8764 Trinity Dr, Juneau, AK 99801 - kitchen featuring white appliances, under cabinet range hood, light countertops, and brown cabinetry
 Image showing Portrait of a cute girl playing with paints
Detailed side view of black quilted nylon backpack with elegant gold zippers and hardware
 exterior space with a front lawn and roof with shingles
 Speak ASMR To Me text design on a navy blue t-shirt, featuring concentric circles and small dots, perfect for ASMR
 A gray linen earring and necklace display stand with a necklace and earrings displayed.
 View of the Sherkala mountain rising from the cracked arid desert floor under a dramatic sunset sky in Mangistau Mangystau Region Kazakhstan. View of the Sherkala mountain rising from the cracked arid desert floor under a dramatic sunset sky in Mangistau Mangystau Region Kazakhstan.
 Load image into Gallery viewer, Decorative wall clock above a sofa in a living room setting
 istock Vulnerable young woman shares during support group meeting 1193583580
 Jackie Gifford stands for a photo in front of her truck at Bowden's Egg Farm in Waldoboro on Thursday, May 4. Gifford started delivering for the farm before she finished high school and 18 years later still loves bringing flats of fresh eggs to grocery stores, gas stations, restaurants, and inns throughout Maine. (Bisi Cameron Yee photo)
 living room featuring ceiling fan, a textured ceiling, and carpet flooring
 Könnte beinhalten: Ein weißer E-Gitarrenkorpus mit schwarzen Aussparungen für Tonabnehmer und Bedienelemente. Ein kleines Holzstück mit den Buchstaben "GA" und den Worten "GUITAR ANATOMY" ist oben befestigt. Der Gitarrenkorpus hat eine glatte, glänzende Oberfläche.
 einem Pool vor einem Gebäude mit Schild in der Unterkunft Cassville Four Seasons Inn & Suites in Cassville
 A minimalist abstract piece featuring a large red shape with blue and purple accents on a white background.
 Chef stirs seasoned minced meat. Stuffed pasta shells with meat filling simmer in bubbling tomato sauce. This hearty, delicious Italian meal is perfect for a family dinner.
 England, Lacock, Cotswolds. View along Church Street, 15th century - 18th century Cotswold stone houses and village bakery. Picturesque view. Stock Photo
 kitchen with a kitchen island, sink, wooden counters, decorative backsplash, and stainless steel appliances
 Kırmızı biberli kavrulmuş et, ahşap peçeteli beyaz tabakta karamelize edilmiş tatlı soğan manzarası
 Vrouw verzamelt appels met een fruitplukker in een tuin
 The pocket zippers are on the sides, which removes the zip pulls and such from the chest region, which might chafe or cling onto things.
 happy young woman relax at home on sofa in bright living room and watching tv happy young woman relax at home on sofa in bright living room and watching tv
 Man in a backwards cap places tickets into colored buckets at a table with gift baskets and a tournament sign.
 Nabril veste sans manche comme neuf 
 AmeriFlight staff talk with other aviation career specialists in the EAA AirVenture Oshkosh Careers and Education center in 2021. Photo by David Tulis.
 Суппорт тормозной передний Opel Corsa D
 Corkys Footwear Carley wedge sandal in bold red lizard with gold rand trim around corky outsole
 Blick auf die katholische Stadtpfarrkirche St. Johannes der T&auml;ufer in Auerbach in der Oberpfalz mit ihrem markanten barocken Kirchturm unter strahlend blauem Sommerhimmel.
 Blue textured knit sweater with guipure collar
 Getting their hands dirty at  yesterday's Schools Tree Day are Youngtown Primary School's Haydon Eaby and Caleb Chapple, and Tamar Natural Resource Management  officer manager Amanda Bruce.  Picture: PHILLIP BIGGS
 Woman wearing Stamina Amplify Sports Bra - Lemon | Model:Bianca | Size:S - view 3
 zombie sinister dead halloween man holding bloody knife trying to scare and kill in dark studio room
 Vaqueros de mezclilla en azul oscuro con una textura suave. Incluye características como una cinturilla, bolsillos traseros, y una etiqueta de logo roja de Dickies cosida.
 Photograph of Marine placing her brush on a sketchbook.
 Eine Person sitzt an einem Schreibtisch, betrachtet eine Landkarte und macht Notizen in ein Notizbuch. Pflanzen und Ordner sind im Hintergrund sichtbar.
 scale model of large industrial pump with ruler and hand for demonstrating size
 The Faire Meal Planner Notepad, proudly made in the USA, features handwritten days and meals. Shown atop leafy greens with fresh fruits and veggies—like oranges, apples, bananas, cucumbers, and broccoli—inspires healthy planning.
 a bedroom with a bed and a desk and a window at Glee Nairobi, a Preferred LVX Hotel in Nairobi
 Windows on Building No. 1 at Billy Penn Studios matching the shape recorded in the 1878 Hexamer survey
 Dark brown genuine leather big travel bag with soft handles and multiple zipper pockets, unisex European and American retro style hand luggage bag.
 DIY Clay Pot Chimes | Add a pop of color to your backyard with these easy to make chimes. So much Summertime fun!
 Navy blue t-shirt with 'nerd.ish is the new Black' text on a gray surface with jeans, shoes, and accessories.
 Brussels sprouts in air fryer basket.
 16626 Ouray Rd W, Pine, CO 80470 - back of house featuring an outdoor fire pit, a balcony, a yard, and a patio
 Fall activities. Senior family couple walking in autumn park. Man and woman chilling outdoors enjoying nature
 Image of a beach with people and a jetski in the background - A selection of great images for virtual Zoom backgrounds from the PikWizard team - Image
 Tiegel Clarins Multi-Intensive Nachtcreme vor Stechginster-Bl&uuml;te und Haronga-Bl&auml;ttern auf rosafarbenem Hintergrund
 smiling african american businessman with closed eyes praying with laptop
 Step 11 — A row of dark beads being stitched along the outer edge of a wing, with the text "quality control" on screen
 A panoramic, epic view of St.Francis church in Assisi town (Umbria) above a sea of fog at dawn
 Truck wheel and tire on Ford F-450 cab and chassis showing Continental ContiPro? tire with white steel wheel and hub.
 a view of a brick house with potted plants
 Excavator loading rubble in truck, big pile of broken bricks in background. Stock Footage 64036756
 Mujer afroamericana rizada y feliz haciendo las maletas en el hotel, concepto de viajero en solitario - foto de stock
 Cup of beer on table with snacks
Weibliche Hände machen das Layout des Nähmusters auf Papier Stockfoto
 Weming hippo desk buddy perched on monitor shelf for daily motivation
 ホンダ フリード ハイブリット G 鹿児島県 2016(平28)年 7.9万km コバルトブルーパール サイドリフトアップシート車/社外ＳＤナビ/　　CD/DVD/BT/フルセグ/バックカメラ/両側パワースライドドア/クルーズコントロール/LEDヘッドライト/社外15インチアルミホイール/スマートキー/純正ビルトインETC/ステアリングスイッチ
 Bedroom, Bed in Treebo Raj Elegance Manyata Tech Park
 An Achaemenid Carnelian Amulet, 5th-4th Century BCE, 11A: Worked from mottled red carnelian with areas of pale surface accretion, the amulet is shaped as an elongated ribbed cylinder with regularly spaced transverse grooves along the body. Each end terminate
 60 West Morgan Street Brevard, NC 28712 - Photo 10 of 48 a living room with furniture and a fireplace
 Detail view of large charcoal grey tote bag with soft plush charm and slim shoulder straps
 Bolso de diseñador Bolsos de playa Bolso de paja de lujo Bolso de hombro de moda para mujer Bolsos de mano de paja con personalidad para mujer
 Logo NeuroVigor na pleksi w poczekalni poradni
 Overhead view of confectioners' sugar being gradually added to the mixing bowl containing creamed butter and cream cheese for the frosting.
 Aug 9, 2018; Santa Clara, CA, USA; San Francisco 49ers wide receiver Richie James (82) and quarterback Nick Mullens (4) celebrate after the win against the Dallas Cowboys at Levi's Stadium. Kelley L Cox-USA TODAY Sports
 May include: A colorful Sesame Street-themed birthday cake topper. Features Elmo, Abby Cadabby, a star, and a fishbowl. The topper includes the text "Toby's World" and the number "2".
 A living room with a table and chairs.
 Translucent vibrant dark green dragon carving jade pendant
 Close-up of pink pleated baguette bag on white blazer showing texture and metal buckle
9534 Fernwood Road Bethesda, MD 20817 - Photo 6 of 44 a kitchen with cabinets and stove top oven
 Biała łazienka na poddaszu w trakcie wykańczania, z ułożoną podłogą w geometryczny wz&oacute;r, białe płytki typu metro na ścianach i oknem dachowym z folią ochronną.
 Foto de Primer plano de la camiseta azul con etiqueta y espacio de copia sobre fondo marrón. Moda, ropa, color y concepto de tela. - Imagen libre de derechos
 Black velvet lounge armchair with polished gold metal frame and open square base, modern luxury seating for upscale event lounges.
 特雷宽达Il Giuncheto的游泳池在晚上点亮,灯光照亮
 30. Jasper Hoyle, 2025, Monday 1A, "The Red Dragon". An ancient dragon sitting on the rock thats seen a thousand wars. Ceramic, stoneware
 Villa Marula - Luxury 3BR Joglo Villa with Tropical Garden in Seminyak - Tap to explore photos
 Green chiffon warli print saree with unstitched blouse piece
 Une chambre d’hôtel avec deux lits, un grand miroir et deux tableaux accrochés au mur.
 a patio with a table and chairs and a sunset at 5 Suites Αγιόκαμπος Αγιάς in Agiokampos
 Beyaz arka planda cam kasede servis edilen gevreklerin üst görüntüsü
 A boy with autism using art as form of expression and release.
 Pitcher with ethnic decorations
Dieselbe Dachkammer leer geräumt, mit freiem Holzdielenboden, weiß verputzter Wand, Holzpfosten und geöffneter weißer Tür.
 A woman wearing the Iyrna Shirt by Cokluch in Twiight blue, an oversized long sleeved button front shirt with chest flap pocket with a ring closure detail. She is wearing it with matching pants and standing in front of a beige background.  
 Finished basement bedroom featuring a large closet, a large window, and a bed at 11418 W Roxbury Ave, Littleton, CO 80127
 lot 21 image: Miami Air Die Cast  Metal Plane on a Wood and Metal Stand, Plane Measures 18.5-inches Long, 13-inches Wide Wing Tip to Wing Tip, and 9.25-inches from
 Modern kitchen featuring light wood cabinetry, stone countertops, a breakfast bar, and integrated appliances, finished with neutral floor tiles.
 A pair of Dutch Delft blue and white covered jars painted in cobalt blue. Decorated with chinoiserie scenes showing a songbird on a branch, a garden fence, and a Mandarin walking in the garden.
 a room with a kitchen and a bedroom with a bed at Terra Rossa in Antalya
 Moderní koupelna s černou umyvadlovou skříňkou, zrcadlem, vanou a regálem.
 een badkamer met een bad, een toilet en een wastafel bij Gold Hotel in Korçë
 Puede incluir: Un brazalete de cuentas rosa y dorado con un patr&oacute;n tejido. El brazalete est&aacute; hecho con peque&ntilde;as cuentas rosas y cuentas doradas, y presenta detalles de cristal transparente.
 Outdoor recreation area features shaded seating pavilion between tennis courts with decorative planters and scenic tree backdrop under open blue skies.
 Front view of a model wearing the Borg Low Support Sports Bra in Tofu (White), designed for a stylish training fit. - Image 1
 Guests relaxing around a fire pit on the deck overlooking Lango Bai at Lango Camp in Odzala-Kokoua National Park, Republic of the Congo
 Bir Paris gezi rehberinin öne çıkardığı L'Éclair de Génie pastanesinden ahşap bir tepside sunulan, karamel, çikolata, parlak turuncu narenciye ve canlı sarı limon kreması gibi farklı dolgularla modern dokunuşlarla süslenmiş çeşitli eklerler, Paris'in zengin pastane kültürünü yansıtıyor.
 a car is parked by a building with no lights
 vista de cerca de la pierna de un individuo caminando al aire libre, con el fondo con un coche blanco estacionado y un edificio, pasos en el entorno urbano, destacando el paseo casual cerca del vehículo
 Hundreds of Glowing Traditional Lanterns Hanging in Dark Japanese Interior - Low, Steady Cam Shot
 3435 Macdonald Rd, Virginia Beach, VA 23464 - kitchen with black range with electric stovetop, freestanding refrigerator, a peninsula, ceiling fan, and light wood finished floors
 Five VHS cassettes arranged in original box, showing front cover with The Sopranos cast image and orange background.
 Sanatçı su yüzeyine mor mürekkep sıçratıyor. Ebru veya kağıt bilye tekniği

# [What you should do]
Out of the data above, transcribe exactly and only the lines starting with the line that has "Beyaz arka planda" and going on through the line that has "Front view of", both included.

# [Answer for the task]
 Beyaz arka planda cam kasede servis edilen gevreklerin üst görüntüsü
 A boy with autism using art as form of expression and release.
 Pitcher with ethnic decorations
Dieselbe Dachkammer leer geräumt, mit freiem Holzdielenboden, weiß verputzter Wand, Holzpfosten und geöffneter weißer Tür.
 A woman wearing the Iyrna Shirt by Cokluch in Twiight blue, an oversized long sleeved button front shirt with chest flap pocket with a ring closure detail. She is wearing it with matching pants and standing in front of a beige background.  
 Finished basement bedroom featuring a large closet, a large window, and a bed at 11418 W Roxbury Ave, Littleton, CO 80127
 lot 21 image: Miami Air Die Cast  Metal Plane on a Wood and Metal Stand, Plane Measures 18.5-inches Long, 13-inches Wide Wing Tip to Wing Tip, and 9.25-inches from
 Modern kitchen featuring light wood cabinetry, stone countertops, a breakfast bar, and integrated appliances, finished with neutral floor tiles.
 A pair of Dutch Delft blue and white covered jars painted in cobalt blue. Decorated with chinoiserie scenes showing a songbird on a branch, a garden fence, and a Mandarin walking in the garden.
 a room with a kitchen and a bedroom with a bed at Terra Rossa in Antalya
 Moderní koupelna s černou umyvadlovou skříňkou, zrcadlem, vanou a regálem.
 een badkamer met een bad, een toilet en een wastafel bij Gold Hotel in Korçë
 Puede incluir: Un brazalete de cuentas rosa y dorado con un patr&oacute;n tejido. El brazalete est&aacute; hecho con peque&ntilde;as cuentas rosas y cuentas doradas, y presenta detalles de cristal transparente.
 Outdoor recreation area features shaded seating pavilion between tennis courts with decorative planters and scenic tree backdrop under open blue skies.
 Front view of a model wearing the Borg Low Support Sports Bra in Tofu (White), designed for a stylish training fit. - Image 1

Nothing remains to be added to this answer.